*EXERCISE DATA*
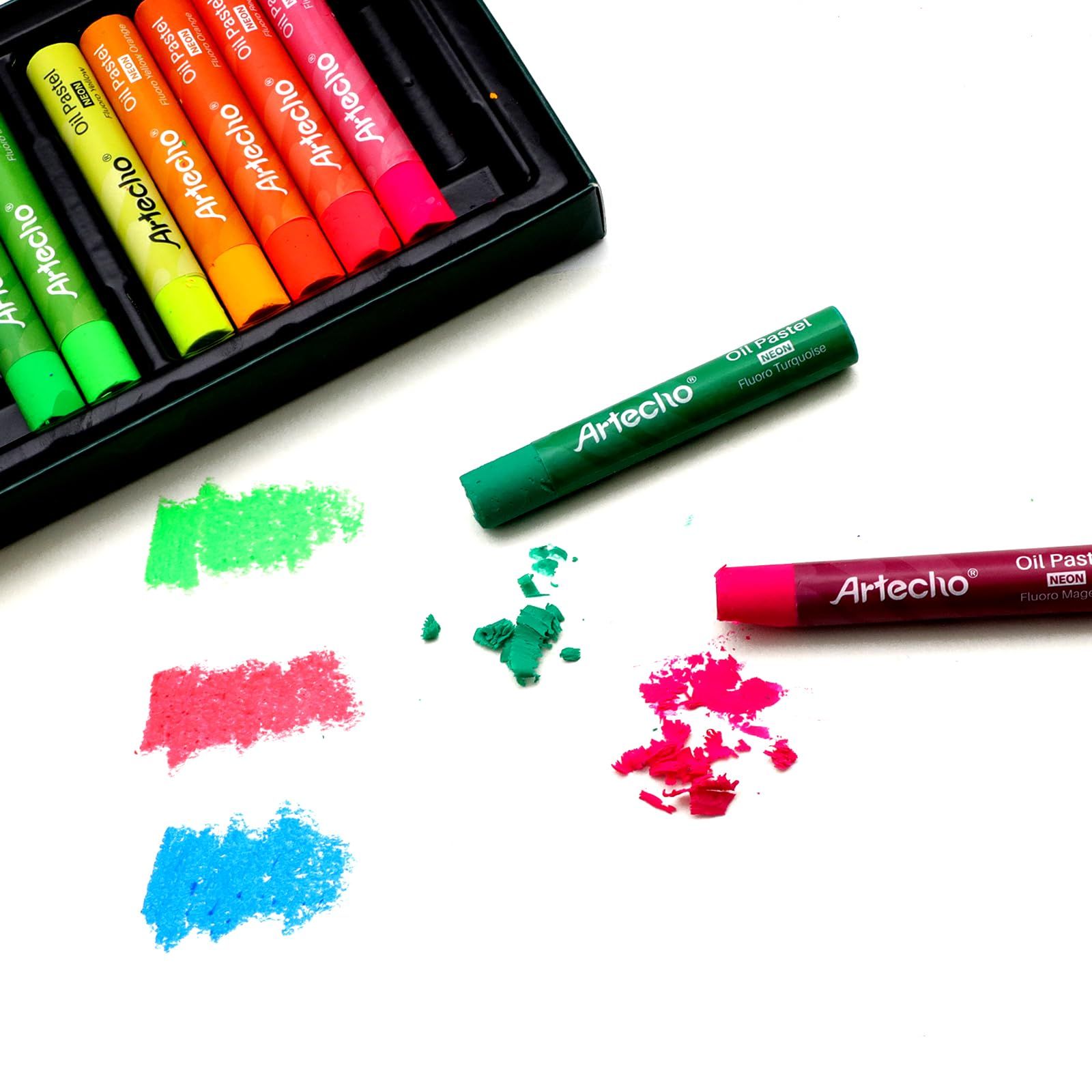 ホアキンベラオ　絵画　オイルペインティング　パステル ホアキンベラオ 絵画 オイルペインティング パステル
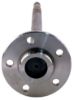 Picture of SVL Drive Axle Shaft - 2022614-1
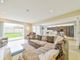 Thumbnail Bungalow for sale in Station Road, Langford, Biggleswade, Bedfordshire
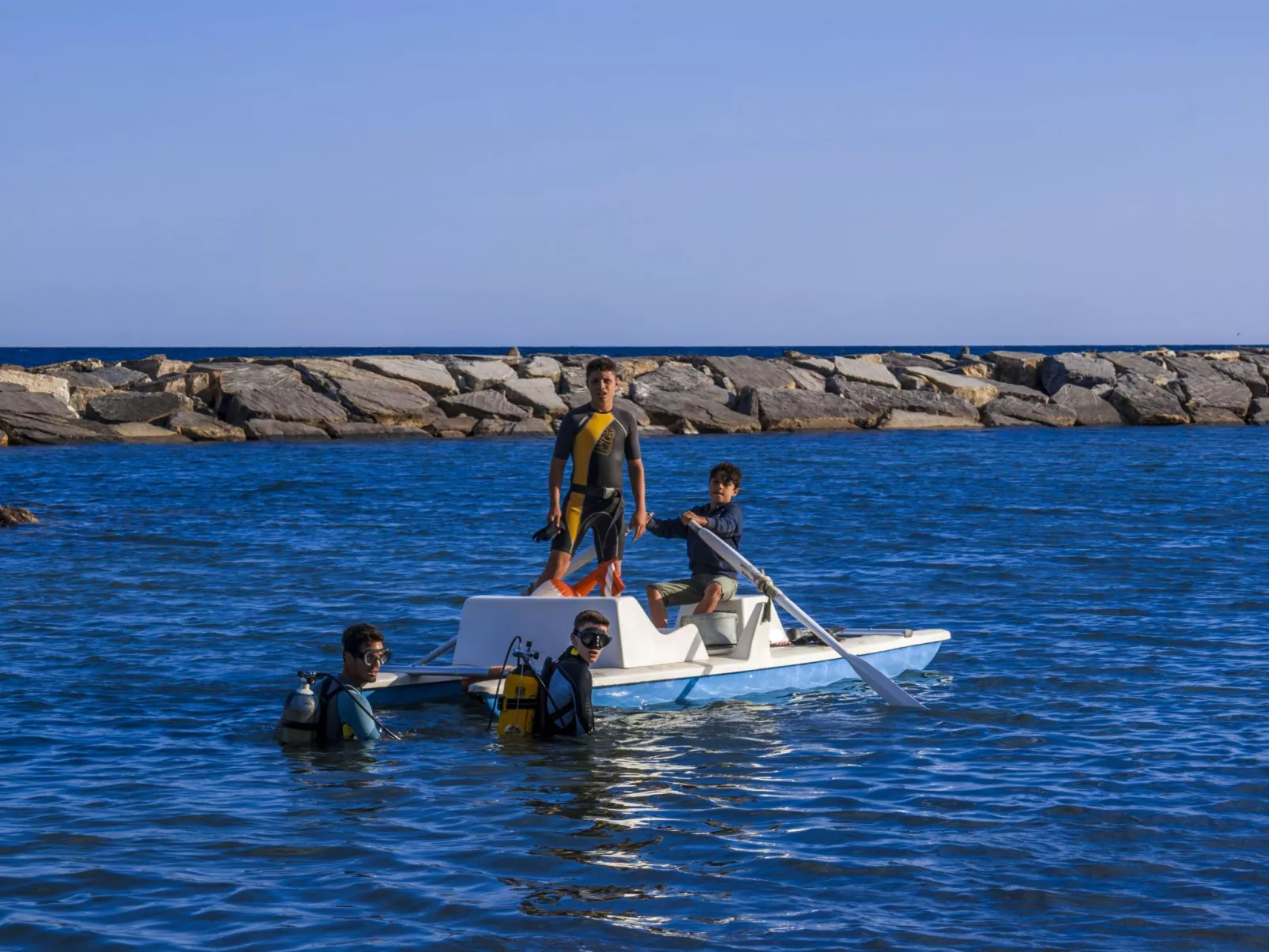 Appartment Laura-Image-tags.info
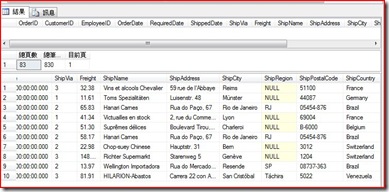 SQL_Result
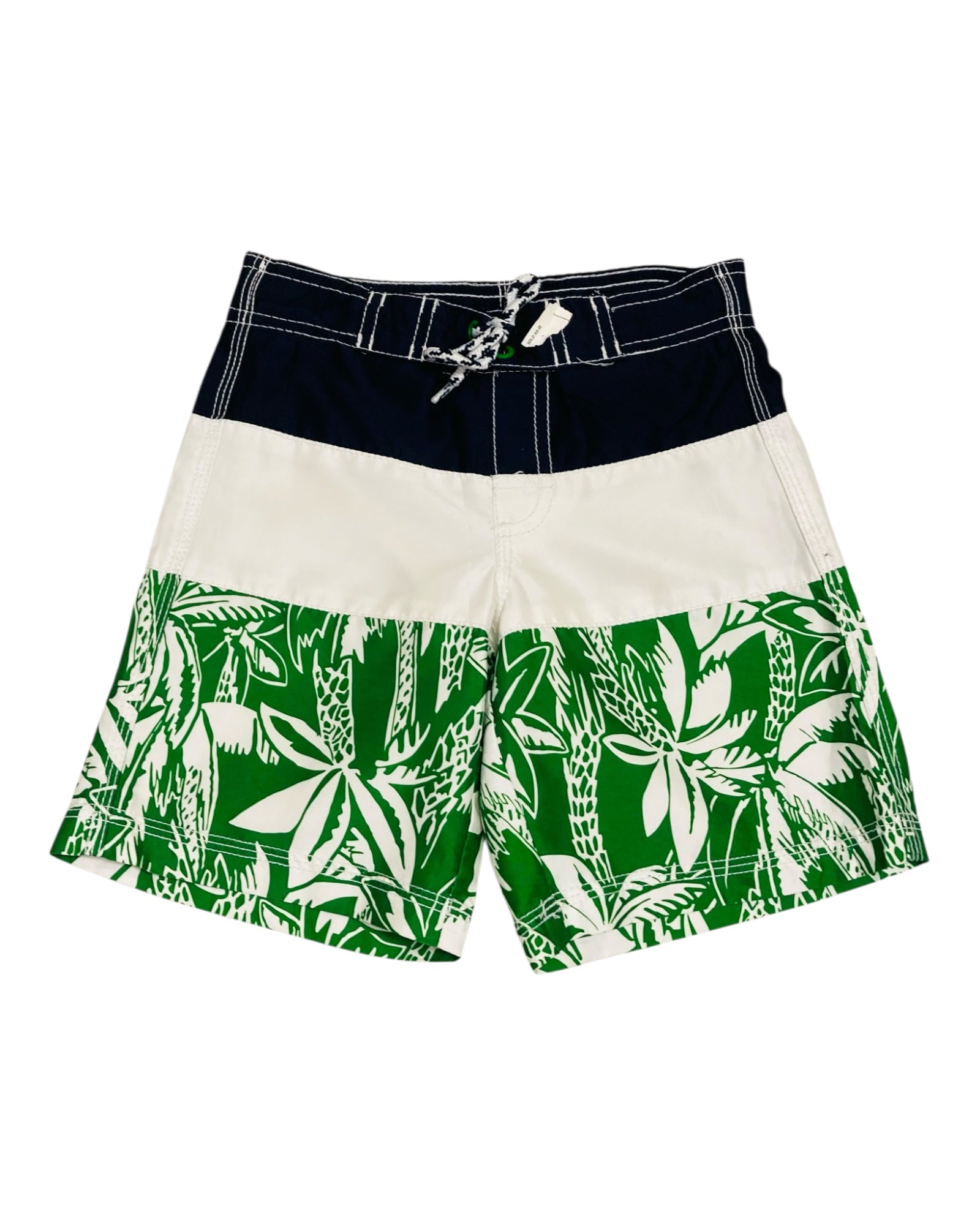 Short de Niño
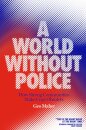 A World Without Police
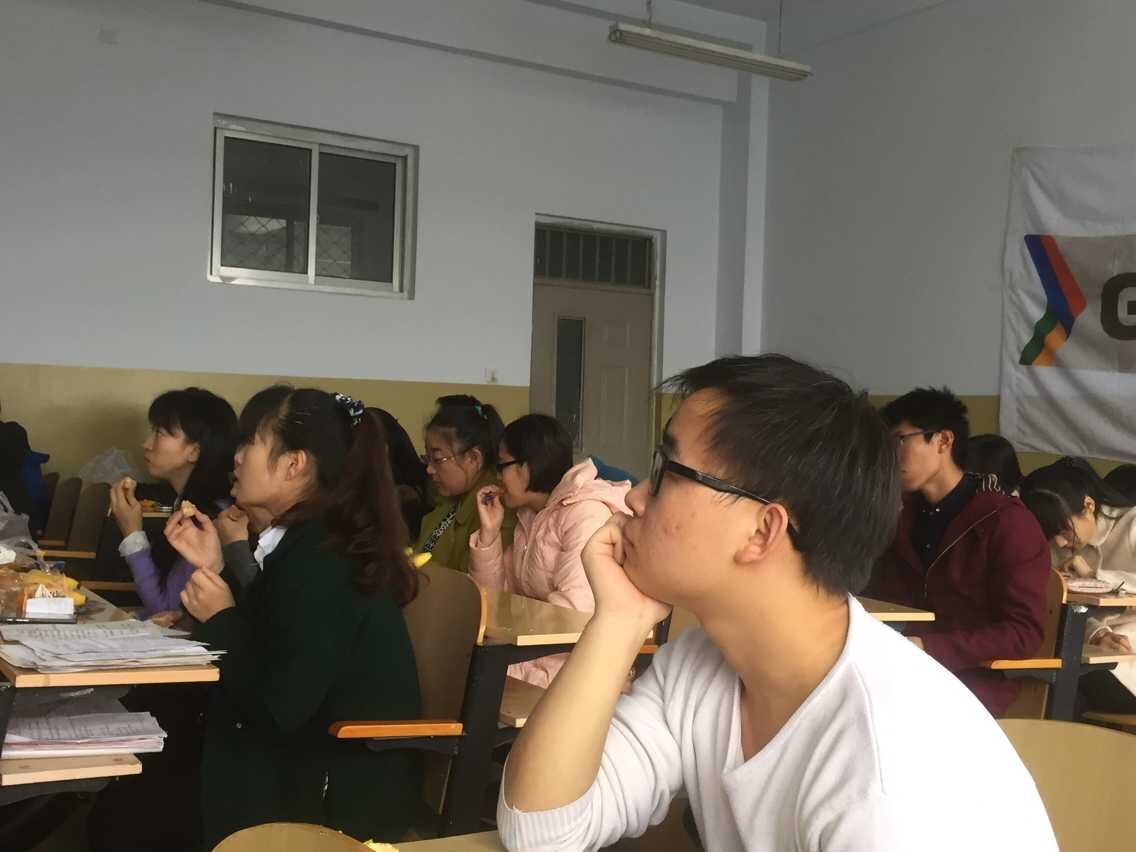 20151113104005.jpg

*HOW TO COMPLETE THIS TASK*
Please give an exact copy of the lines from the line containing "Picture of SVL Drive Axle Shaft - 2022614-1" through the end of the records above, pictures excluded.

*OUTPUT OF THE TASK*
 Picture of SVL Drive Axle Shaft - 2022614-1
 Thumbnail Bungalow for sale in Station Road, Langford, Biggleswade, Bedfordshire
 Appartment Laura-Image-tags.info
 SQL_Result
 Short de Niño
 A World Without Police
 20151113104005.jpg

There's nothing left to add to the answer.